違法木材を飲み込む業界はどこだ?
以前、拙ブログでも紹介した、三木楽器の違法木材使用問題、詳しい裏側を描いた記事があった。
希少木材の密輸、競合他社のチンコロ…木材不正輸入で話題になった、中古楽器業界の「呆れた秩序」
なかなか面白い裏事情を紹介している。目利きの難しさもあれば、業界内の疑心暗鬼とライバルを刺す動きもある。
楽器をつくる工房は少ないし、それぞれが職人業を競っている。希少木材を使うこともブランド化には力を貸す。実際のところ、ハカランダを使えばどれほど音色がよくなる……という理由ではなく、希少木材を使うという行為自体が重要なのだろう。そして、そのためには違法木材にも手を出すわけだ。価格は一気に跳ね上がるから。ある意味、こうした木材価値を生み出す業界ほど、違法木材を使いたがるわけだが……。
もう一つ、違法木材を飲み込む業界がある。こちらの方が、楽器より大きいかもしれない。
それは、ツキ板業界だ。
ツキ板は、木材を厚さ数ミリ以下まで薄くして、紙のようにしたもの。

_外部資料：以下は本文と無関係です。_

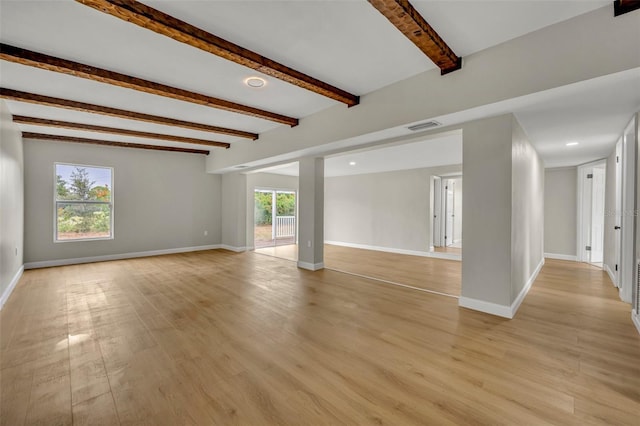 spare room with beamed ceiling and light hardwood / wood-style flooring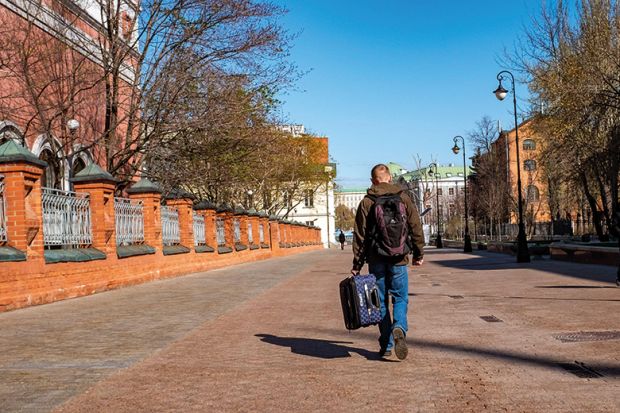 Moscow, Russia. A man carries a suitcase in the street. To illustrate an exiled Russian scholar.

それを張れば下地がなんであろうが、そのツキ板の木材に見えてしまう。
集成材であろうが、合板、いや金属であろうがコンクリートであろうが、ツキ板の木材製に見える。
そして材料とする樹種は、スギやヒノキでもあるが、もっとも多いのは広葉樹材。色や木目・杢によって高く売れるかどうかが決まってくる。
木目命、だから、調達は非常にシビアだ。逆に言えば、よい木目の原料を手に入れるためなら、トレーサビリティとか合法性を問うてはいられない。極めてグレーな木材が出回っている。
東京の某高級ホテルの室内扉。一見、無垢の板のように見えるのだが、ツキ板だった。おかげで軽い。
さて、いつか追求される日が来るだろうか。それとも、見なかったことにするかな?